Sebagai seseorang yang baru saja memasuki dunia kepelatihan, sebenarnya modal awal Henry cukup lumayan dengan menjadi asisten Roberto Martinez di tim nasional Belgia pada Piala Dunia 2018 lalu. Hasilnya pun juga cukup moncer: Belgia berhasil menembus semifinal sebelum akhirnya dikalahkan oleh Prancis yang keluar sebagai juara dunia, dan berhasil merebut tempat ketiga terbaik setelah mengalahkan Inggris.
Tetapi sebagai nahkoda utama Les Monegasques saat ini, Henry ternyata masih belum mampu menunjukkan kemampuan taktikalnya untuk mendongkrak performa Monaco yang masih berada di posisi ke-19 dengan poin 7 dan hanya berbeda selisih gol dengan tim juru kunci, Guingamp. Bahkan dari pertandingan debut manajerial Henry hingga saat ini di seluruh kompetisi, Monaco belum mampu meraih satu kemenangan sama sekali. Bahkan saat ini, Monaco terancam tidak lolos ke Europa League setelah midweek lalu dihancurkan 0-4 oleh Club Brugge di kandang sendiri.

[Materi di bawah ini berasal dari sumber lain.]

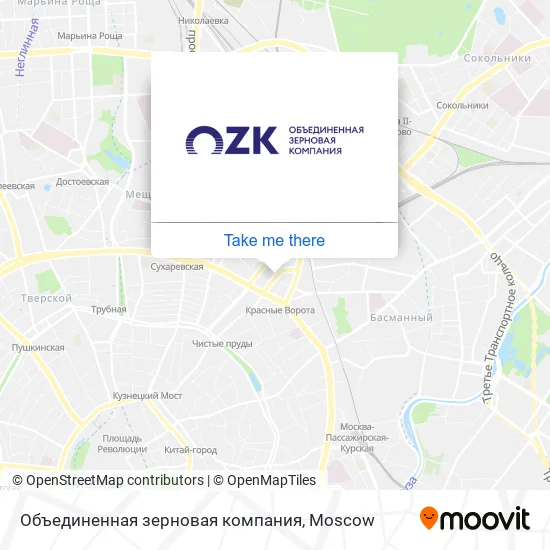 Объединенная зерновая компания map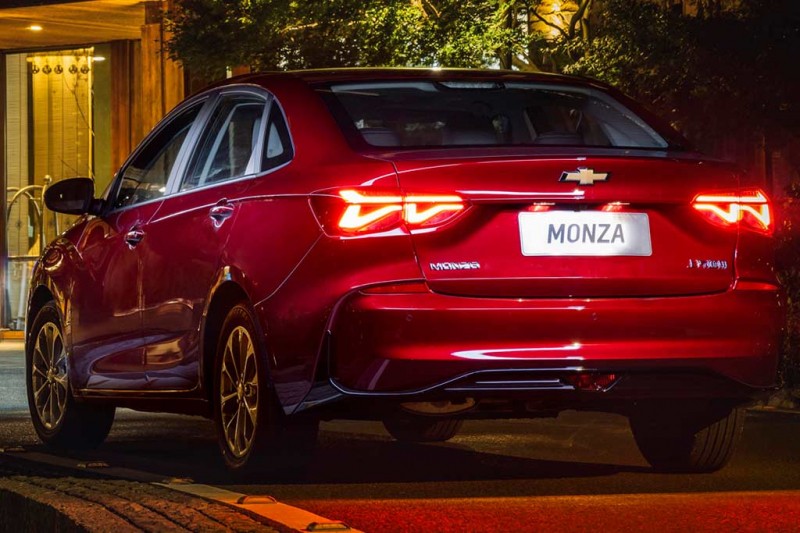 Обновленный седан Chevrolet Monza: самая дешевая модель Шевроле в Китае 3 Обновленный седан Chevrolet Monza: самая дешевая модель Шевроле в Китае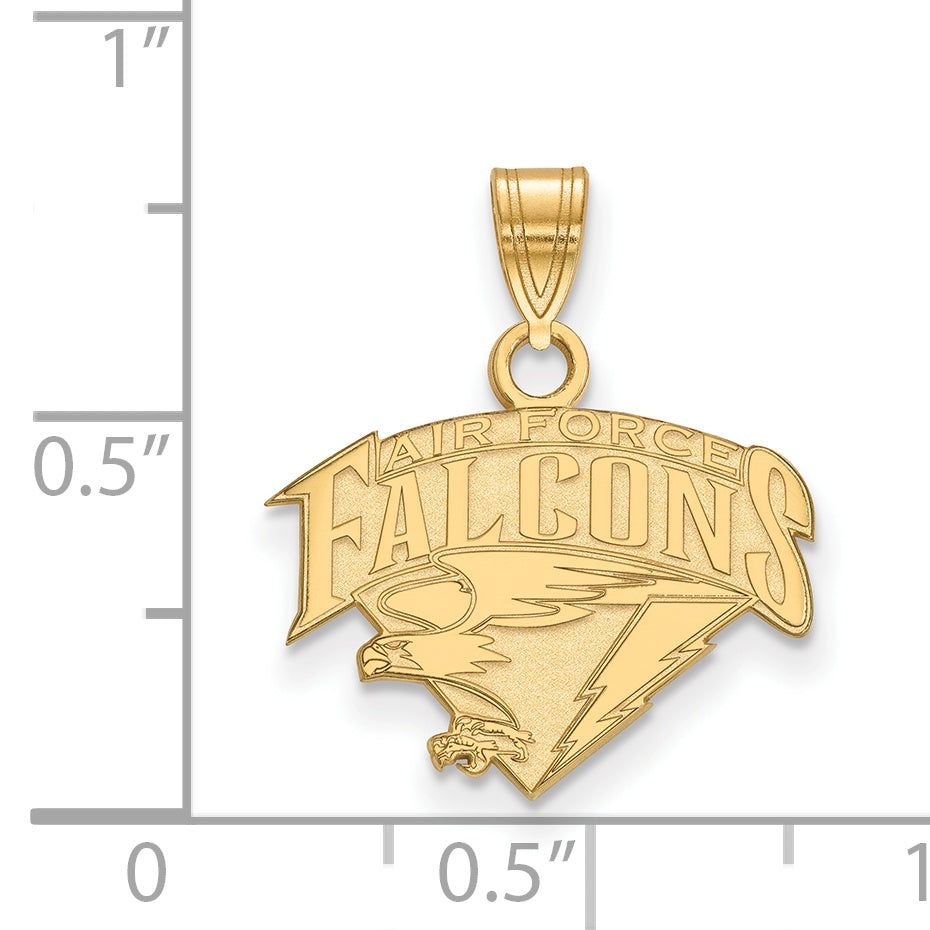 Vergoldet Sterlingsilber Logoart Vereinigt Staaten Luft Kraft Akademie Falcons Klein Anhänger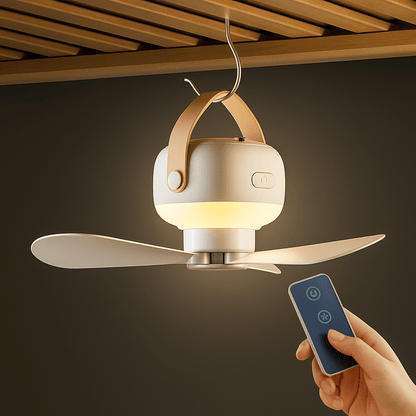 AirMate Wireless Rechargeable Fan mit Fernbedienung | Brehn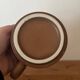 Vintage brown bistro cup duo large size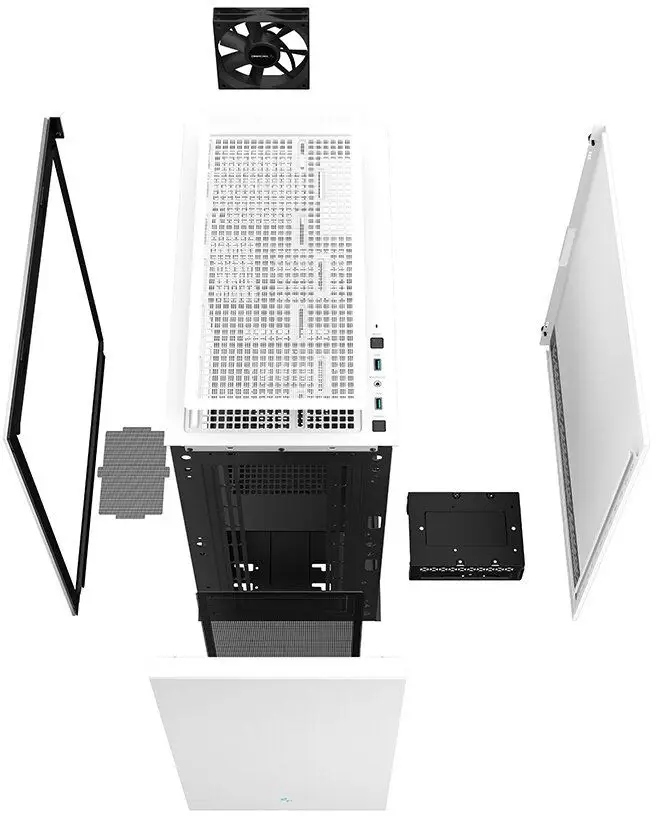 Obudowa do komputera DeepCool CH510 Midi Tower ATX – Elegancja i funkcjonalność w jednym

Monaco memang memiliki masalah dalam di seluruh sektor sejak awal musim. Secara statistik semenjak Henry menjabat, baru 4 gol yang dihasilkan dari total 53 shots. Jika dirunut lebih jauh ke belakang sejak awal musim di liga domestik saja, Monaco hanya memiliki tingkat konversi shots sebesar 8% dan tingkat akurasi shots sebesar 38,2%. Bandingkan dengan sang pemuncak klasemen, Paris Saint-Germain, yang memiliki tingkat konversi shots sebesar 23,7% dan tingkat akurasi shots sebesar 58,8% dengan catatan 45 gol yang telah dicetak.

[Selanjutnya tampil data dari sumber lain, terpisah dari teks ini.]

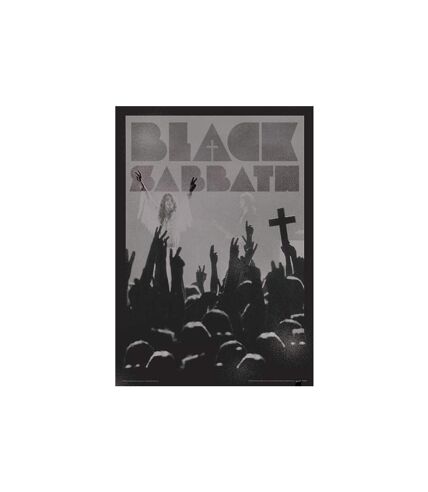 Black Sabbath Stage Photo Print (Black/Gray) (40cm x 30cm) - UTPM8998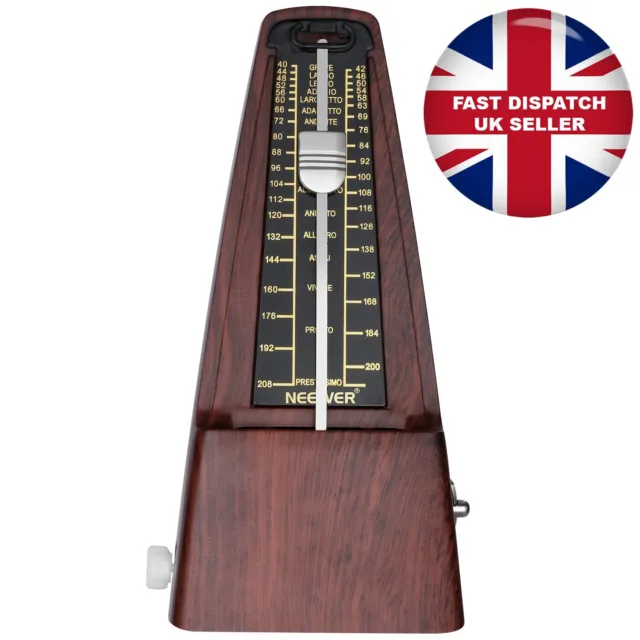 Neewer NW-707 Square Wind up Mechanical Metronome with Accurate Timing and Tempo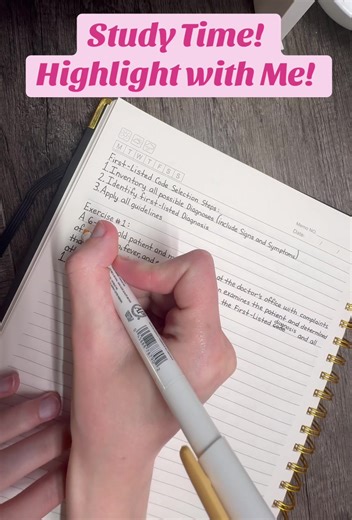 Working on an exercise for my Medical Coding course! Still learning the ICD-10-CM and I'm learning the ins and outs of First-listed codes. (I post these videos in part cause it's fun to share them but also because it wakes up TikTok's algorithm) #studywithme #studynotes #notetaking #notes #medicalcoding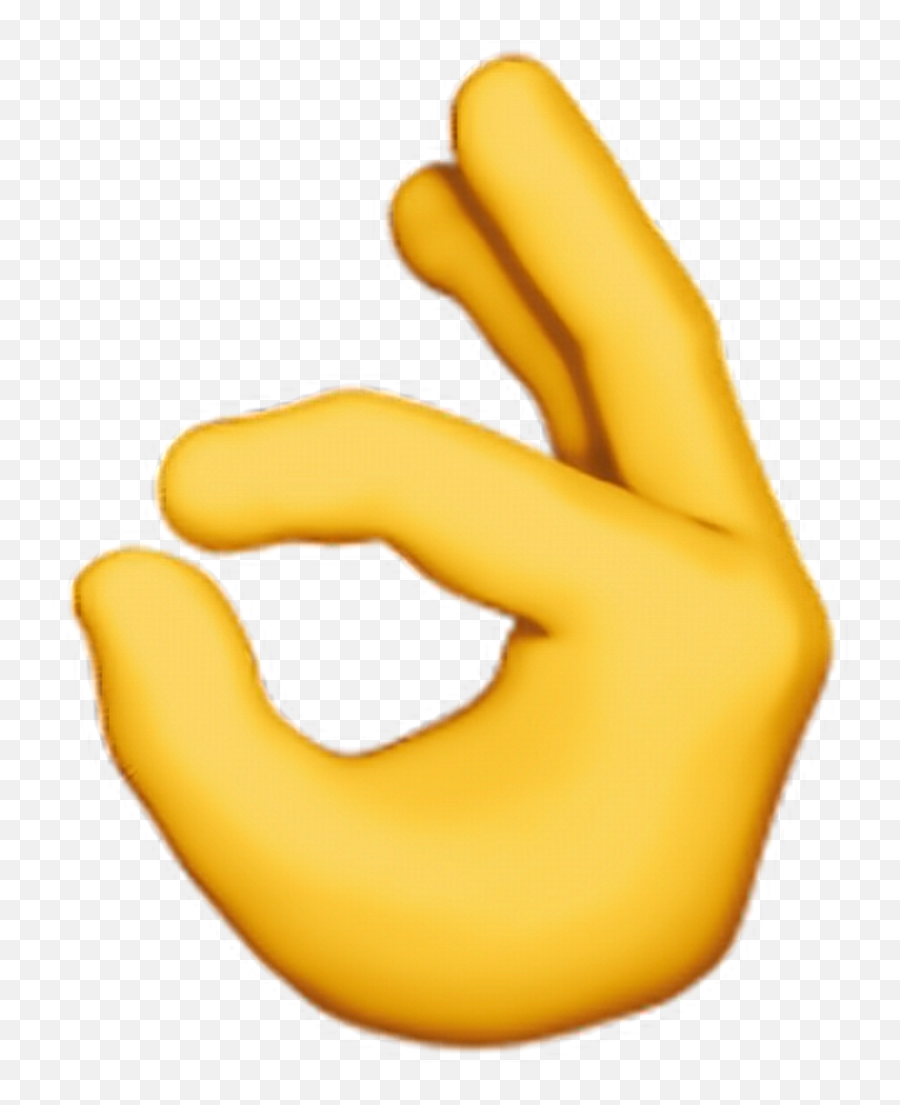 Finger Clipart Okay - Transparent Ok Hand Emoji Png,Ok Hand Sign Png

Lini belakang Monaco juga tidak banyak menutupi kekurangan mereka di depan, dengan telah kebobolan 32 gol di seluruh kompetisi. Catatan clean sheet terakhir mereka juga didapat Agustus lalu, ketika bermain tanpa gol menghadapi Lille. Juga rekor kedisiplinan mereka yang buruk sebagai kompensasi mereka bermain agresif, jelas tidak banyak membantu. Sebagai contoh, Samuel Grandsir hanya berada di lapangan selama 2 menit sebelum diusir wasit saat dikalahkan Strasbourg di pertandingan debut Henry sebagai manajer.

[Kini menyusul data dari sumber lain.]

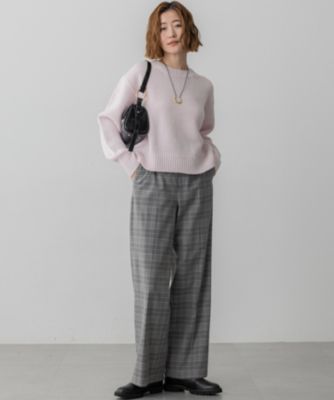 新品タグ付✨23区 2026ウールカシミヤ パフスリーブ ニット セーター 32 23区(ニジュウサンク)の【GISELe掲載】ウールカシミヤ パフスリーブ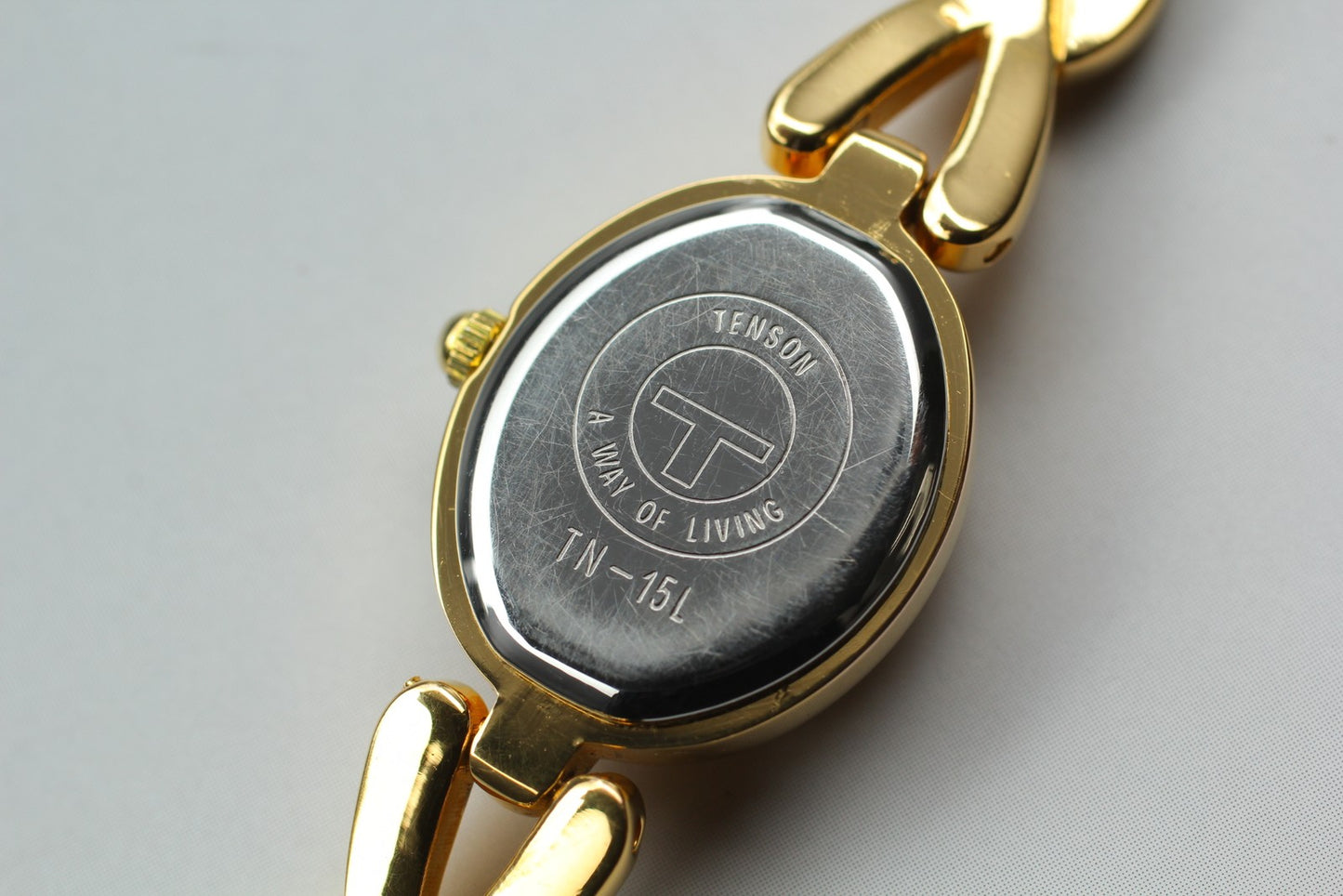 Nos [MINT Tag] Tenson TN‑15L Gold Bracelet Quartz Ladies Watch JAPAN New Battery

Tentunya hal tersebut bukanlah menjadi indikator yang baik bagi kelanjutan karier kepelatihan Henry, terlebih Monaco sendiri sedang dalam performa yang sangat buruk saat ia ditunjuk. Monaco sendiri sebenarnya bukan tempat yang tepat untuk memulai karier kepelatihan. Leonardo Jardim sendiri pernah berkata bahwa tugasnya adalah untuk permanently rebuild; hal yang tidak aneh jika mengingat fakta bahwa hampir setiap musimnya Monaco selalu "digembosi" oleh klub-klub besar di seantero Eropa.
Mulai dari era James Rodriguez, hingga yang teranyar Kylian Mbappe dan Thomas Lemar. Jika melihat lebih jauh lagi, mungkin kita juga patut mempertimbangkan cederanya beberapa pemain andalan seperti Danijel Subasic, Rony Lopes dan Aleksandr Golovin, ditambah para pemain baru yang performanya kurang maksimal seperti Nacer Chadli dan Youri Tielemans, sehingga membuat Henry tidak bisa memaksimalkan skuadnya demi mengangkat Monaco keluar dari zona degradasi.
Memang kalau boleh jujur, Henry tidak banyak memberikan ide-ide revolusioner yang bisa mengangkat performa Monaco. Jika merujuk pada press conference-nya saat ditunjuk sebagai manajer, Henry mengatakan bahwa ia mencoba unuk melakukan pendekatan yang sama dengan Pep Guardiola, manajernya saat meraih treble winners di musim 2008/09.
Namun dengan kondisi yang ada saat ini apabila tidak mampu memutarbalikkan performa Monaco setidaknya hingga akhir musim, jangankan untuk meniru Guardiola atau bahkan mengikuti jejak Zidane yang bisa memenangi juara Champions League bersama Real Madrid, untuk meniru performa manajer spesialis relegation battle seperti Sam Allardyce dan Alan Pardew saja Henry bisa jadi kesulitan. Dan apabila hal itu terjadi, mungkin gelar pelatih terburuk di Sky Sports bisa jadi akan berpindah tangan dari Gary Neville ke Thierry Henry.